NEW ORLEANS (AP):
What was to have been a weekend of remembrance of Hurricane Katrina's destruction became a weekend of worry
as 'Ernesto' strengthened to a hurricane in the Caribbean.
The National Hurricane Center said Ernesto could grow into a Category Three hurricane by Thursday, menacing a broad swath of the Gulf Coast. 'Katrina' was a Category Three storm when it ravaged New Orleans a year ago tomorrow.
Weary residents kept an eye on the forecast.
Bari Landry, who lives in a neighbourhood heavily flooded by Katrina, said she reserved a hotel room in Houston for Thursday through Saturday.
"There may be panic, but we know the drill," she said.
Gov. Kathleen Blanco said state officials were keeping an eye on Ernesto, and the Army Corps of Engineers was carefully tracking the storm's movement, said Lt. Gen.

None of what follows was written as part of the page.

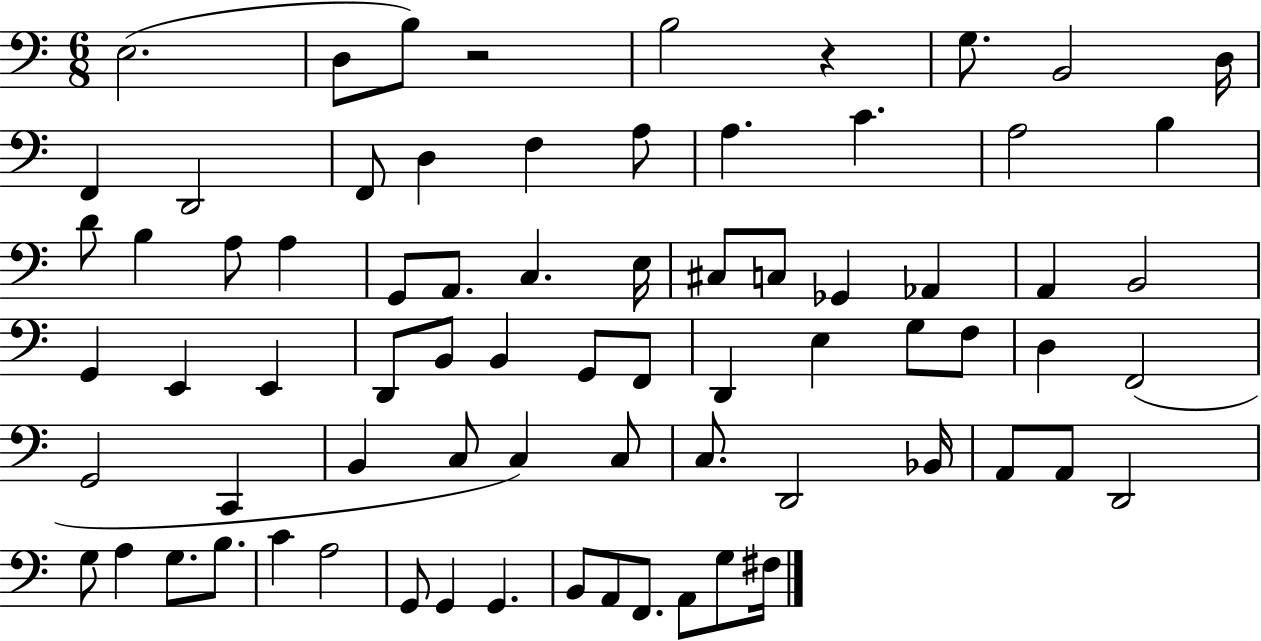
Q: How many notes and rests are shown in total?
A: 74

Carl Strock, head of the Army Corps.
Early test
It was too early to tell whether Ernesto would provide an early test for the city's levee system, which Strock conceded may not yet be strong enough to withstand a large storm surge.

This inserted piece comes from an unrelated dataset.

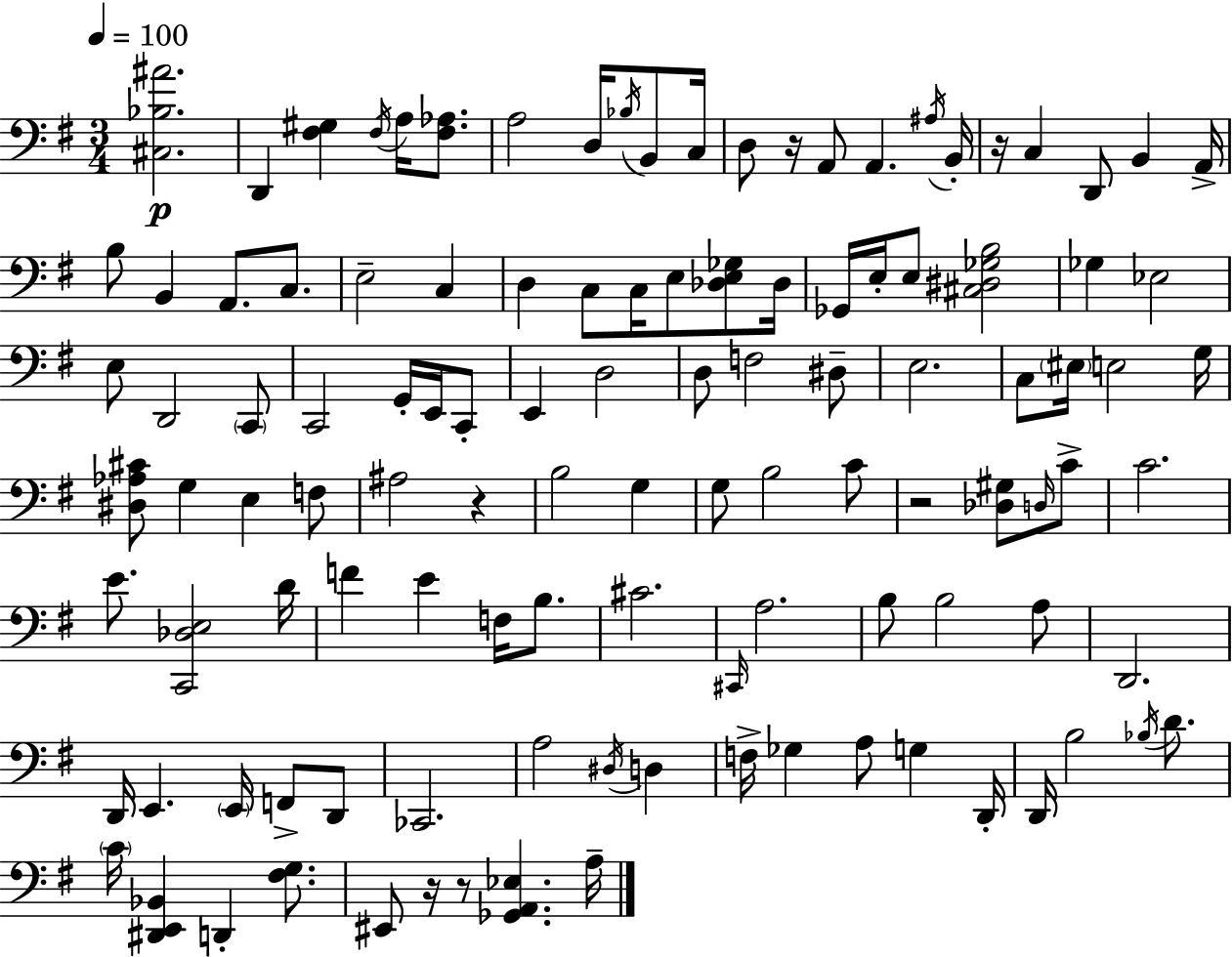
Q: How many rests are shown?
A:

Strock said he was confident the Corps had done all it could to repair and reinforce 220 miles (350 kilometres) of levee walls, but said many variables would determine whether the levees could withstand a major hurricane.
Much would depend on where the hurricane made landfall, wind speed, rainfall and other factors, he said. The biggest concern would be water levels so high that they could cascade over the levee walls, weakening them to the point of breaching.
"It's critical we make the right call for the right reason," Blanco said, cautioning that officials want to ward off the chance of unnecessary evacuations.
Mandatory evacuation in the parishes below New Orleans would kick in when the storm was 50 hours from the coast, New Orleans Homeland Security chief Terry Ebbert said. New Orleans would begin mandatory evacuation at the 40-hour mark.
The city already has buses and trains under contract to evacuate people without the means to leave, he said.